→ **REQUIREMENT**: Retype each record shown below, leaving every character as it is.

§ §

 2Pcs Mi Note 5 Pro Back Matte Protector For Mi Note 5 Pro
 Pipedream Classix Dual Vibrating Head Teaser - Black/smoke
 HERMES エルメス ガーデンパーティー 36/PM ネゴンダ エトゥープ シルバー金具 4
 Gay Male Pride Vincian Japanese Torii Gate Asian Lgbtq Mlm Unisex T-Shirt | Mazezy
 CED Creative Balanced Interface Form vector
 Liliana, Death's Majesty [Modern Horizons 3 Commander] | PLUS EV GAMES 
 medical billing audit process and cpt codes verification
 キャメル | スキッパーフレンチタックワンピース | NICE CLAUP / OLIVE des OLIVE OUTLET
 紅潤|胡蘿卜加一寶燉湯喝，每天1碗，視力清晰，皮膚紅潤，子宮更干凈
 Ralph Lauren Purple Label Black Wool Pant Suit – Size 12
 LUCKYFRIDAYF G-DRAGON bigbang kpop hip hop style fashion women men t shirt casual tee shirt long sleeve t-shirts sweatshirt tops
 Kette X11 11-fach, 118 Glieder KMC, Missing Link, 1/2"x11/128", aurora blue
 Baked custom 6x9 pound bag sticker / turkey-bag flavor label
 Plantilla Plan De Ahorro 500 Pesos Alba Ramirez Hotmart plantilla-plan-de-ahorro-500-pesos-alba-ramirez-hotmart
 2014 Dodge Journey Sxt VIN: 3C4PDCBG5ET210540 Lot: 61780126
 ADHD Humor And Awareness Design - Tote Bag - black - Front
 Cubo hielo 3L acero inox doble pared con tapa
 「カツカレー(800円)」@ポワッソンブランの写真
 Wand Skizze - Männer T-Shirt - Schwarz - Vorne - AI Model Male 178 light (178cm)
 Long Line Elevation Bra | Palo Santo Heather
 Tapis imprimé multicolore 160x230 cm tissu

§ §

→ **SOLVED PROBLEM**:
 2Pcs Mi Note 5 Pro Back Matte Protector For Mi Note 5 Pro
 Pipedream Classix Dual Vibrating Head Teaser - Black/smoke
 HERMES エルメス ガーデンパーティー 36/PM ネゴンダ エトゥープ シルバー金具 4
 Gay Male Pride Vincian Japanese Torii Gate Asian Lgbtq Mlm Unisex T-Shirt | Mazezy
 CED Creative Balanced Interface Form vector
 Liliana, Death's Majesty [Modern Horizons 3 Commander] | PLUS EV GAMES 
 medical billing audit process and cpt codes verification
 キャメル | スキッパーフレンチタックワンピース | NICE CLAUP / OLIVE des OLIVE OUTLET
 紅潤|胡蘿卜加一寶燉湯喝，每天1碗，視力清晰，皮膚紅潤，子宮更干凈
 Ralph Lauren Purple Label Black Wool Pant Suit – Size 12
 LUCKYFRIDAYF G-DRAGON bigbang kpop hip hop style fashion women men t shirt casual tee shirt long sleeve t-shirts sweatshirt tops
 Kette X11 11-fach, 118 Glieder KMC, Missing Link, 1/2"x11/128", aurora blue
 Baked custom 6x9 pound bag sticker / turkey-bag flavor label
 Plantilla Plan De Ahorro 500 Pesos Alba Ramirez Hotmart plantilla-plan-de-ahorro-500-pesos-alba-ramirez-hotmart
 2014 Dodge Journey Sxt VIN: 3C4PDCBG5ET210540 Lot: 61780126
 ADHD Humor And Awareness Design - Tote Bag - black - Front
 Cubo hielo 3L acero inox doble pared con tapa
 「カツカレー(800円)」@ポワッソンブランの写真
 Wand Skizze - Männer T-Shirt - Schwarz - Vorne - AI Model Male 178 light (178cm)
 Long Line Elevation Bra | Palo Santo Heather
 Tapis imprimé multicolore 160x230 cm tissu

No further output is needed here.